Accanto alle operazioni fatte di bombe, missili, attacchi di terra e di aria anche attraverso l’utilizzo del fosforo bianco (2008/09; 2012; 2014; 2019 e ora il maxi attacco promesso e in parte cominciato contro la Striscia di Gaza), si accostano avvenimenti di una guerra più lenta ma non meno efferata: la modellazione del territorio attraverso l’utilizzo della frontiera come linea d’azione e penetrazione nei territori palestinesi, talvolta per controllare interamente le persone, i loro flussi e lo spazio politico effettivo, talaltra per sottrarre spazio ed escludere la popolazione che prima lo viveva.
Cicli di distruzione e costruzione che non solo hanno permesso l’insediamento veloce di nuovi coloni israeliani laddove la vecchia popolazione è stata costretta alla fuga, ma soprattutto l’imposizione di un regime spaziale che diventa arma prima di governo e di morte perché può essere continuamente rimodellato, frammentato, interdetto e finire poi per “stringersi attorno ai palestinesi come un cappio”.
“La frontiera lineare, un’astrazione cartografica ereditata dal concetto di spazialità associato allo stato-nazione, è esplosa in una moltitudine di sinonimi – strutture provvisorie, trasportabili, attuabili e rimovibili che espandono o restringono il territorio a piacere: “muri di divisione”, “barriere”, “posti di blocco”, “chiusure d’emergenza”, “aree precluse ai civili”, “blocchi stradali”, “zone rosse”, “aree sterili”, “posti di controllo”, “zone di sicurezza speciale”. Queste aree di frontiera sono dinamiche, fluiscono e rifluiscono di continuo come le onde del mare; avanzano strisciando e circondano di sorpresa villaggi e strade palestinesi. A volte addirittura sfondano pareti e irrompono nelle case dei palestinesi.

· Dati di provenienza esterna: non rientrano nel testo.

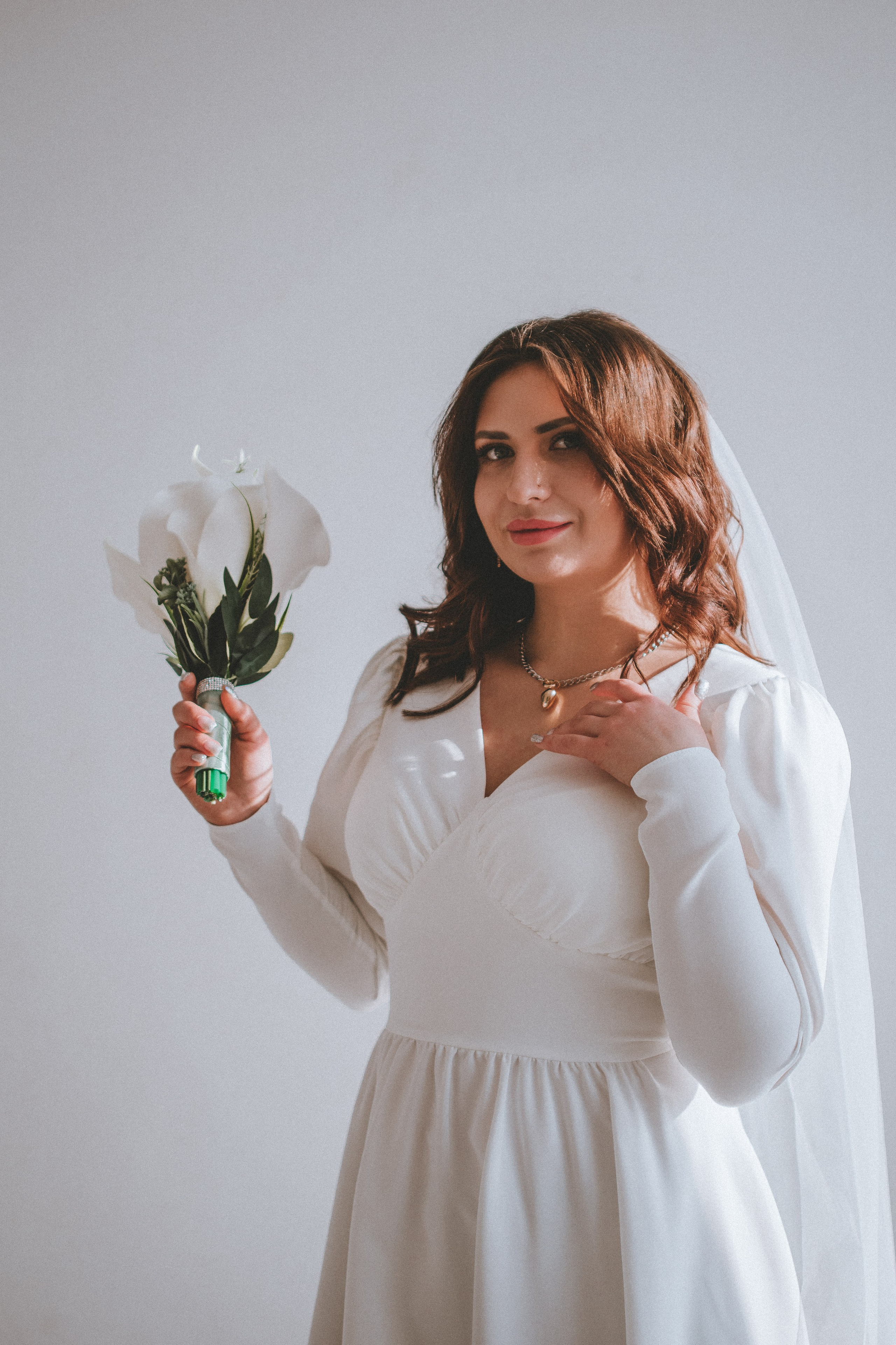 Вадим и Мария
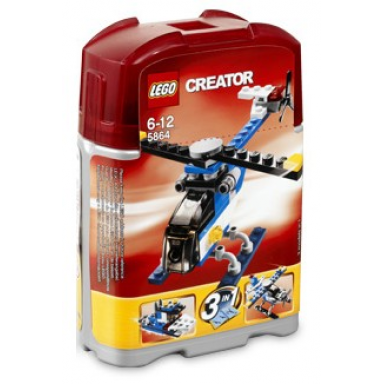 mini helicopter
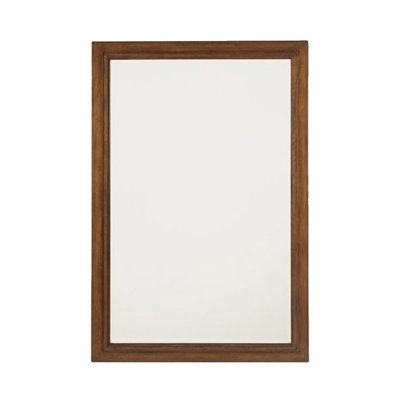 Ocean Club Rectangular Dresser Mirror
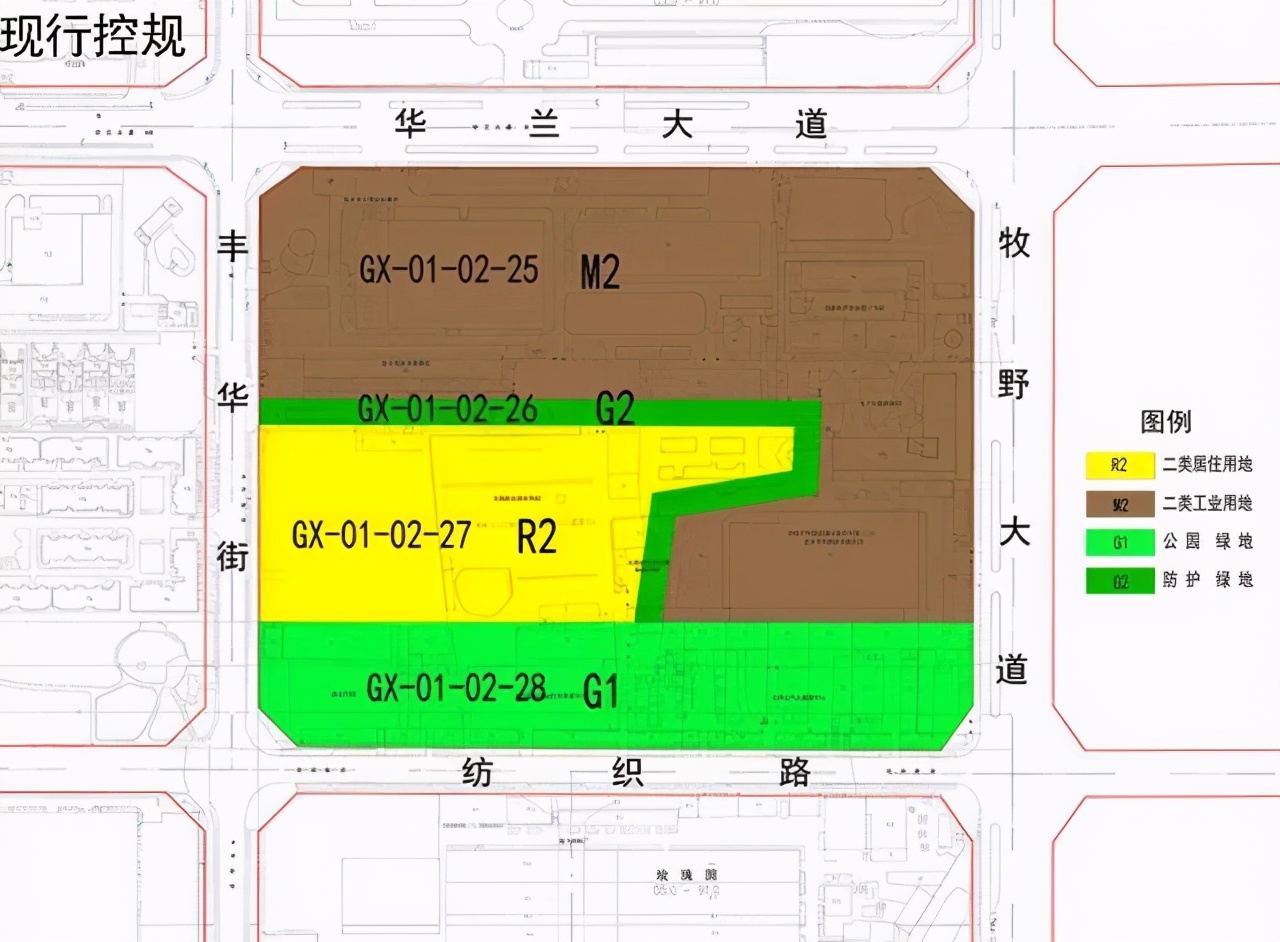 拆拆拆！新乡*迁拆**大动作，市区将迎来大变化，学校、住宅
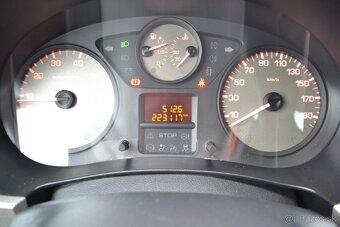 Citroën Berlingo 1.6Hdi - 9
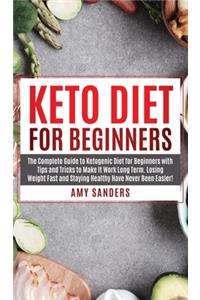 Keto Diet For Beginners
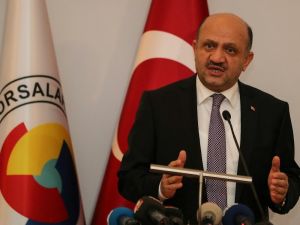 Yerli Silahta Oran Yüzde 24’ten Yüzde 60’a Çıktı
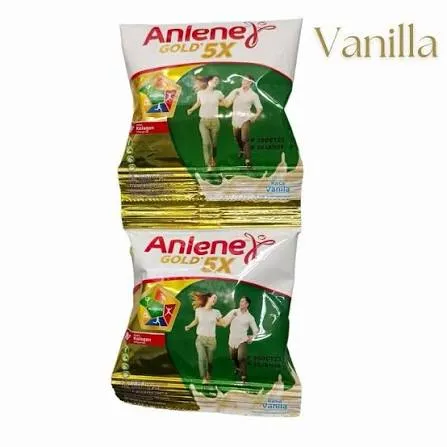 Anlene Gold Vanilla 24GR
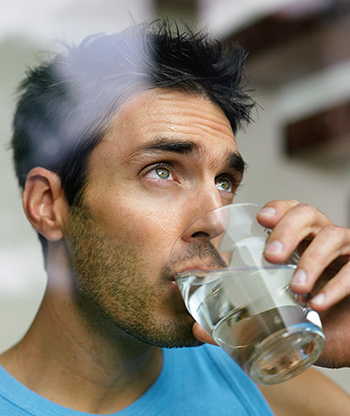 Tips For Drinking More Water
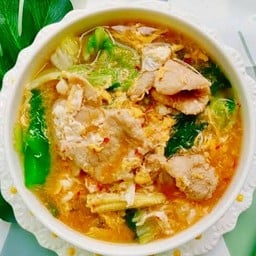 สุกี้น้ำ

[…] La posizione dei posti di controllo militari viene costantemente cambiata e di conseguenza il traffico palestinese viene alterato e bloccato in maniera sempre diversa. Le basi militari mobili creano teste di ponte che sostengono la logistica di operazioni militari in continuo sviluppo. L’esercito israeliano compie incursioni nei villaggi e nei campi profughi palestinesi, li occupa e poi si ritira. Il Muro di divisione, solo un elemento di una molteplice serie di barriere, cambia costantemente tracciato, e il suo percorso registra come un sismografo le battaglie politiche e legali che lo circondano. Là dove parti di territorio sembrano essere ermeticamente sigillate entro recinzioni e mura israeliane, vengono scavati tunnel palestinesi sotto terra. I territori elastici non devono essere pensati come ambienti pacifici: gli spazi politici altamente elastici sono spesso molto più pericolosi e mortali di quelli statici, rigidi. La morfologia dinamica della frontiera fa pensare a un mare punteggiato da molteplici arcipelaghi di enclave etnico-nazionali, omogenee al loro interno e alienate dall’esterno – il tutto sotto un mantello di sorveglianza aerea da parte di Israele. In questo irripetibile ecosistema territoriale esistono zone diversissime fra loro – quelle di pirateria politica, quelle di cri- si “umanitaria”, di violenza barbarica e di piena, “debole” o nessuna cittadinanza – che si affiancano, si sovrappongono e si compenetrano.” (Eyal Weizman – Architettura dell‘occupazione. Spazio politico e controllo territoriale in Palestina e Israele).